# [WHAT YOU SHOULD DO]
The line containing "3-комнатная 70.15 м²" marks the end: copy exactly every line from the start of the records below up to and including it, leaving out pictures.
RECORDS SUPPLIED below:
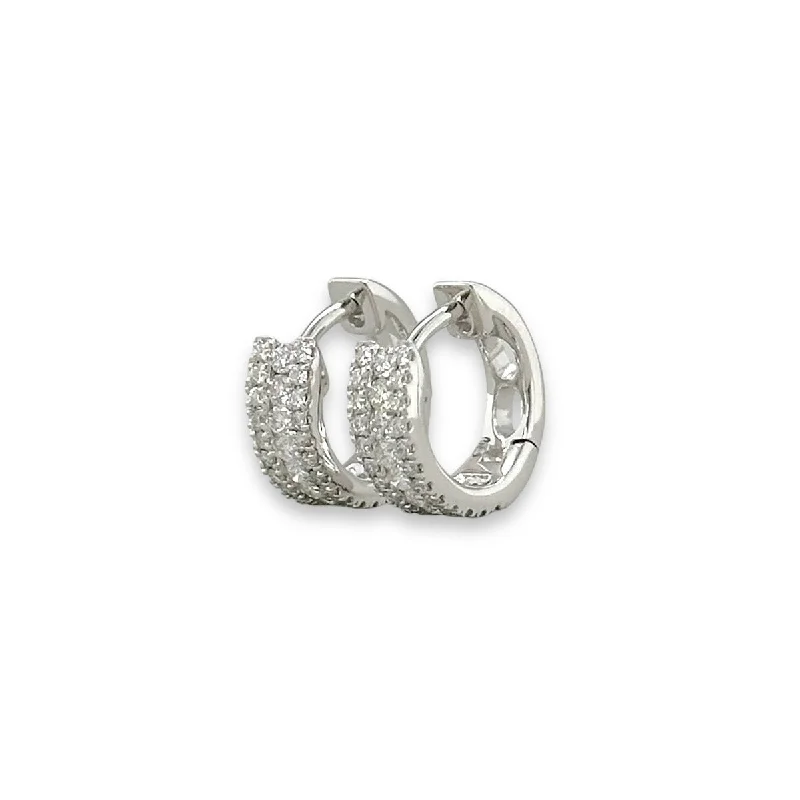 14K W Gold 0.35ctw Three Row Diamond Hoop Earrings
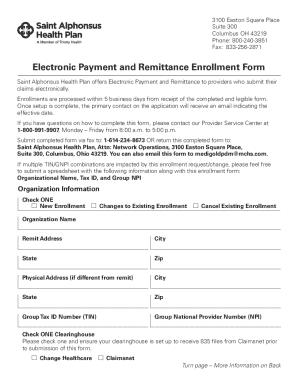 Electronic Payment and Remittance Enrollment Form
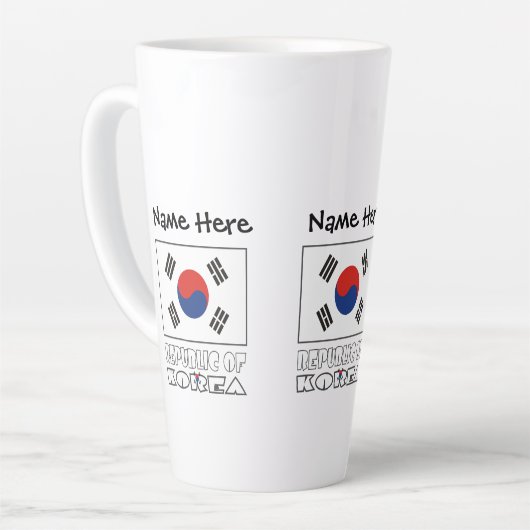 Zuid-Koreaanse vlag Zwart Personaliseren Latte Mok (Linkerhoek)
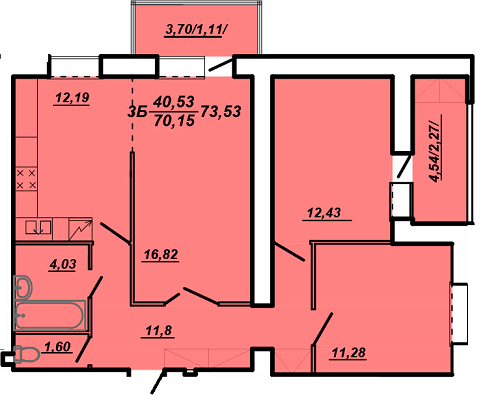 3-комнатная 70.15 м² в ЖК на вул. Яреми / вул. Текстильна от застройщика, Тернополь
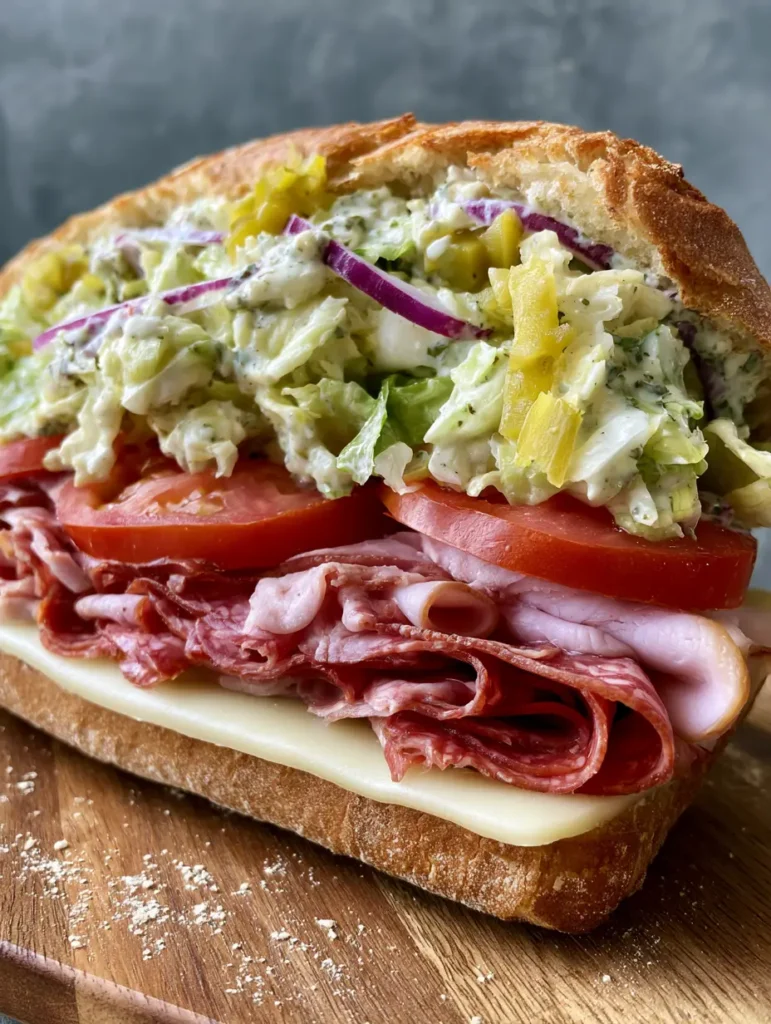 Italian Grinder Salad Sandwich: The Ultimate Crusty Deli Masterpiece 1 Detailed view of rippled salami, capicola, and the chunky grinder salad topper on an Italian baguette.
End of RECORDS SUPPLIED.
# [TASK OUTPUT]
 14K W Gold 0.35ctw Three Row Diamond Hoop Earrings
 Electronic Payment and Remittance Enrollment Form
 Zuid-Koreaanse vlag Zwart Personaliseren Latte Mok (Linkerhoek)
 3-комнатная 70.15 м² в ЖК на вул. Яреми / вул. Текстильна от застройщика, Тернополь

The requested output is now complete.